▸ PROBLEM REQUIREMENTS: Produce a verbatim transcription of the records below, beginning at the line containing "Kamion sa gumama" and ending at the final line; include only those lines.

▼

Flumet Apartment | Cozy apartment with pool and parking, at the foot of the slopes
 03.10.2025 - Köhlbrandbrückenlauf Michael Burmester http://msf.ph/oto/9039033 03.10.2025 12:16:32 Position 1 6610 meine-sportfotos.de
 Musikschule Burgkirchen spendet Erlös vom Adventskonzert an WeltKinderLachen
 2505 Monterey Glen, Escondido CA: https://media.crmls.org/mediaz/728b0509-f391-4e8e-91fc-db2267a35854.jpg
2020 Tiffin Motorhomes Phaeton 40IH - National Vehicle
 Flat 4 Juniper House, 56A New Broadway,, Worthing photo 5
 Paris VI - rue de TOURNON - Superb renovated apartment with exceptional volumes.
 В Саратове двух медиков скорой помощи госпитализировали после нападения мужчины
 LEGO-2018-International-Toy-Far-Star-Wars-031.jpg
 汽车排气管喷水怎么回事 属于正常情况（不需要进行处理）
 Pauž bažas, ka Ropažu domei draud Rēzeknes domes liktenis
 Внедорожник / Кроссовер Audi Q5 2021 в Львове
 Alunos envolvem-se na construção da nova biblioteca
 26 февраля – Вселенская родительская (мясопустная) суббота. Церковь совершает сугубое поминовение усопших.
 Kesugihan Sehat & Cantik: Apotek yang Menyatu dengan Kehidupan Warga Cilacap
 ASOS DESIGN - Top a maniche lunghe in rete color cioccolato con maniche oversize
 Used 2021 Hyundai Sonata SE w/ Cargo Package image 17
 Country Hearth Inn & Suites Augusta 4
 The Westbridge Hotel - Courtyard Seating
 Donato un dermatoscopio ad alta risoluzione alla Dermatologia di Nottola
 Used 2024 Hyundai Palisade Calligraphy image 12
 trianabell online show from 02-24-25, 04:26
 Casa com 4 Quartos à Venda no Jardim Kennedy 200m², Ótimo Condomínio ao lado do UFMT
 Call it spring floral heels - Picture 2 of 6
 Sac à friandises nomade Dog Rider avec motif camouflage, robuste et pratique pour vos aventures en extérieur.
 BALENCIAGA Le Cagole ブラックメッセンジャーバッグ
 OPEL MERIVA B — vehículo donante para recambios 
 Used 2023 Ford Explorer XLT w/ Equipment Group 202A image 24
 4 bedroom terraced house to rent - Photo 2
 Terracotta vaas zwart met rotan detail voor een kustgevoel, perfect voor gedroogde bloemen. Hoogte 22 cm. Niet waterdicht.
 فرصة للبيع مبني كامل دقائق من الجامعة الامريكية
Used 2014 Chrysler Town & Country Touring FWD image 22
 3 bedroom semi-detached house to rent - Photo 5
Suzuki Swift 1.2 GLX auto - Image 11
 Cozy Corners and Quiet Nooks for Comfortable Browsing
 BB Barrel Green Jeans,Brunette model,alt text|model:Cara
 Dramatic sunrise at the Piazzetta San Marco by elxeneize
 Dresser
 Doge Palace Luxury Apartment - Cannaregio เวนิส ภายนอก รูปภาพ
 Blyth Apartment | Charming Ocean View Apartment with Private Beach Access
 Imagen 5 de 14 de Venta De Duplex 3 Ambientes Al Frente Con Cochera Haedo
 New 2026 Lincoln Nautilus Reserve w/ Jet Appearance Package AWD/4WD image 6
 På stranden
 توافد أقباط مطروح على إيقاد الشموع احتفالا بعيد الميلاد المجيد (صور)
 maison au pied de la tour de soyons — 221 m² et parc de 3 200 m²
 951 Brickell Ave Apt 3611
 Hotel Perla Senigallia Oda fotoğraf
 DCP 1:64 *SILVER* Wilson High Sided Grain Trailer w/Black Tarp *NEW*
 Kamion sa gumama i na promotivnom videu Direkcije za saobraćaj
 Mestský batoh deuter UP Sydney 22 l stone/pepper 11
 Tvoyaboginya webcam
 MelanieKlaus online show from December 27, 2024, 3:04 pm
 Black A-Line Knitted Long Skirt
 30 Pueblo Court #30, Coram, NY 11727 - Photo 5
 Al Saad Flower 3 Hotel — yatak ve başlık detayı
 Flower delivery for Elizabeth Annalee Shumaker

▲

▸ ANSWER SPACE:
 Kamion sa gumama i na promotivnom videu Direkcije za saobraćaj
 Mestský batoh deuter UP Sydney 22 l stone/pepper 11
 Tvoyaboginya webcam
 MelanieKlaus online show from December 27, 2024, 3:04 pm
 Black A-Line Knitted Long Skirt
 30 Pueblo Court #30, Coram, NY 11727 - Photo 5
 Al Saad Flower 3 Hotel — yatak ve başlık detayı
 Flower delivery for Elizabeth Annalee Shumaker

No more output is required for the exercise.